In some cases, the voice provides a counterpoint to the subject matter. "Salt Treatment," a drawing by Joseph Marquez, is a stark depiction of a child's wounded arm, with another poised above it, shaking salt onto the cut. His note reads, "When I am hurt my dad puts salt on my wounds to make them heal." The straight-faced tone of the caption echoes the drawing's clinical composition: just the two arms, extended into blank space. The drawing leaves out any sense of pain, excluding the faces and bodies of father and son.

One of the most striking things about the exhibit is something that's not visible. The class and cultural boundaries that the program sought to cross appear, if at all, in a subdued manner. There are some notable exceptions, such as a quietly powerful drawing of segregated water fountains, but for the most part, the children's art tends not to dwell on inequality or difference.

The lack of such serious subject matter does not mean the children were unaware of it, though. "By and large, when you ask children, who are pretty optimistic in general, to talk about and draw these topics, they talk from hopes," Crosby says.

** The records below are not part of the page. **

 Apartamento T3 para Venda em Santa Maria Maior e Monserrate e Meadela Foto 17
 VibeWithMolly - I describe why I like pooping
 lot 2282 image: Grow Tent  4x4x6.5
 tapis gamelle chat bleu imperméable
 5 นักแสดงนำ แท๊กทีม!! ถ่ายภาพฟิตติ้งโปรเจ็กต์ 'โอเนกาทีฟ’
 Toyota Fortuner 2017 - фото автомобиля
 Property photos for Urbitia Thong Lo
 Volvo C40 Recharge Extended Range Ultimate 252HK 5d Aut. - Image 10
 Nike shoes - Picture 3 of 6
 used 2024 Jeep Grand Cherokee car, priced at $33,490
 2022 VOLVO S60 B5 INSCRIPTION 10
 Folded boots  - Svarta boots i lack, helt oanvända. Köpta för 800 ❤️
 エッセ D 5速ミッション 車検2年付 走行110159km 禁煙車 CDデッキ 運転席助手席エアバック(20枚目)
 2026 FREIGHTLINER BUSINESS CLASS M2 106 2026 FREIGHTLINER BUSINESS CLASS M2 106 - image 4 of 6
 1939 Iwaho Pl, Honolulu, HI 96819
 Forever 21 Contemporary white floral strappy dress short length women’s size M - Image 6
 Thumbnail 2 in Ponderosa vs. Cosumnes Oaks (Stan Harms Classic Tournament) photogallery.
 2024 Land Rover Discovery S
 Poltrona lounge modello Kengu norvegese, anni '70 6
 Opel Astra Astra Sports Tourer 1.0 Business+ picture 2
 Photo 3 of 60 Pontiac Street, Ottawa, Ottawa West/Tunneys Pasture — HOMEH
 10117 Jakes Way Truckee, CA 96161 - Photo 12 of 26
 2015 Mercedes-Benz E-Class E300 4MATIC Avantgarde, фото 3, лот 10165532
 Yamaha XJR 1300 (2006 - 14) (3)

Crosby calls the Mississippi YPCEP, which ended in 2001, "a life-changing way to do art with children." In the years since the program ended, participants' lives have changed as well. Hurricane Katrina destroyed the program's art at Moore Community House. Many of the children have since graduated from high school; one is even finishing law school this summer.

While the exhibit presents the seemingly universal optimism and exuberance of youth, it is also a document of individual young people, and it is their relationship between the general and the specific that makes the exhibit so compelling.